The Enemy have made no secret of their intentions, the sun going down after ten years and four studio albums as the indie-rock three piece for a variety of reasons. A “lack of exposure” being mentioned most regularly. Since their explosion onto the scene with We’ll Live and Die in These Towns in 2007, the music industry has altered somewhat. Mainstream TV and Radio have rid themselves of a “place” for the majority of acts of similar genres – negatively affecting bands and musicians and leaving music lovers with an unfed appetite. Laced with family, friends, loved ones and devoted fans the night saw an out-pouring of passion for the works of The Enemy and heartfelt disappointment at the loss the music scene is facing.
Remaining true to their second album title Music For the People, The Enemy gifted fans with a real showcase of a set list, playing every track from their first album as described by Tom as “the one which means the most to you all.” Acclaimed in 2007 by NME as ‘the act most likely to break your windows’ this show was no different. Each song played as if their lives depended on it and celebrated by fans as truly a vital part of theirs. Sentimental tracks such as ‘Happy Birthday Jane’ turned the crowds to putty in the trios hands, palpable emotion wrapped the audience before belters such as ’40 Days and 40 Nights’ served as a sudden reminder why fans allowed these Coventry boys to soundtrack their existence.
Introducing tracks for their final studio album It’s Automatic, Tom aired his disappointment for the lack of exposure however lost all concern for this following absorbance of the crowds hunger for their art.

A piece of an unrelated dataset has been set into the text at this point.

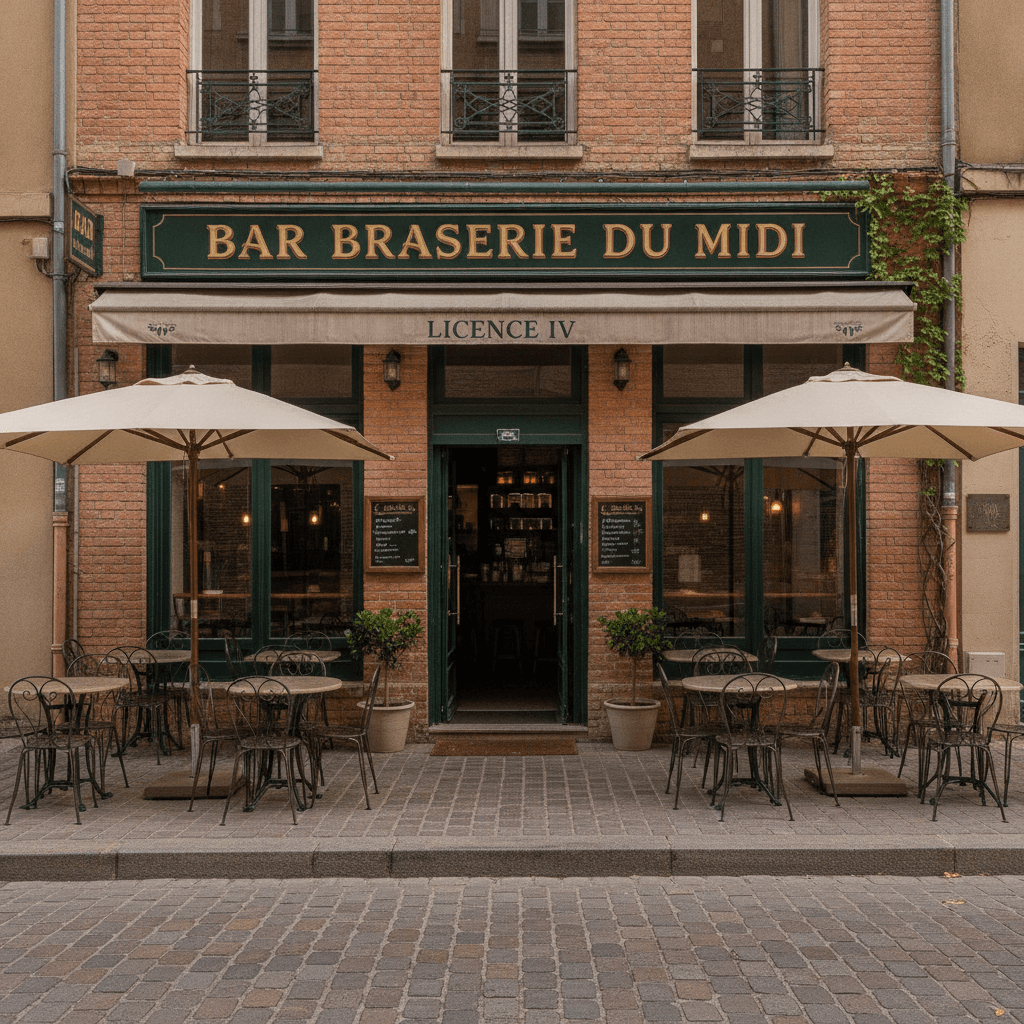 Bar-brasserie 270m² à Toulouse : terrasse - licence IV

Flares filled the air, clouding the mosh pits appearing like sink holes dotted throughout the venue – many a crowd surfer battled over the erratic gathering. The Enemy’s anthology of true-to-life tales, emotion that’s cool to admit and the story of their followers youth shook Coventry.
The Empire housed a breathtaking atmosphere, rivalling that of shows played by all time greats. Lyrics of ‘This Song’ constantly bounced throughout the night, exploding during the bands performance of the track; an unforgettable moment for all present.

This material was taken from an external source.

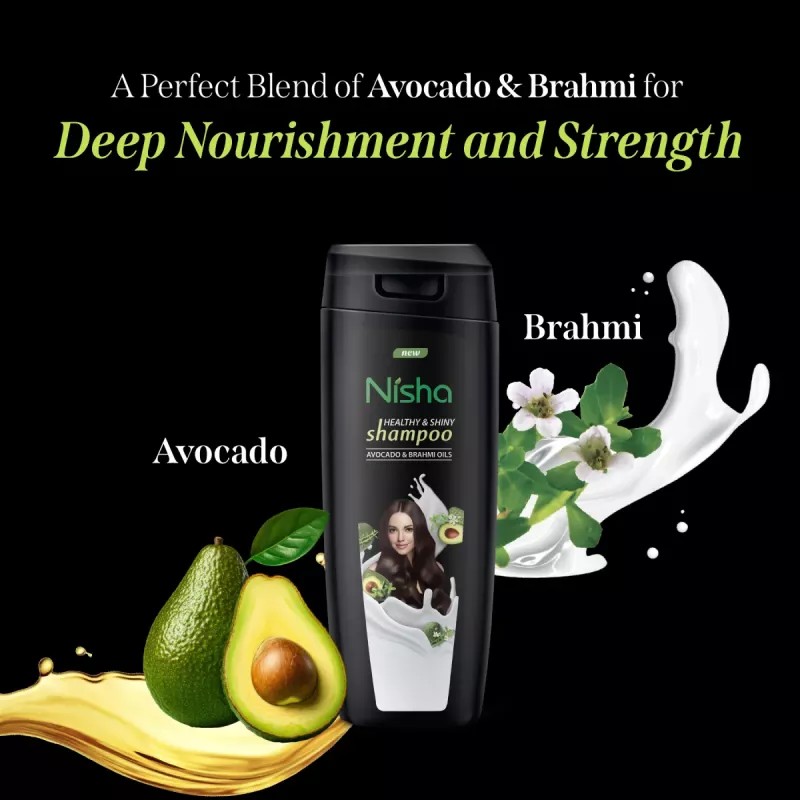 Nisha Avocado & Brahmi Oils Shampoo (75ml, Pack of 4)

This gig sits towards the final stretch of their farewell tour and will no doubt be unforgotten by everyone in attendance. As emotional for the audience as for the band, many tears were shed but nothing was left behind in the celebration of their accomplishments. Lapping up every last beat and holding on to every last chord the audience departed in reverie. A piece shall always be missing from the jigsaw of the music scene, however will be replaced by fans and followers handing down The Enemy‘s creations. It may be goodbye from the band, but it’s the start of their legacy which will be sewn through generations.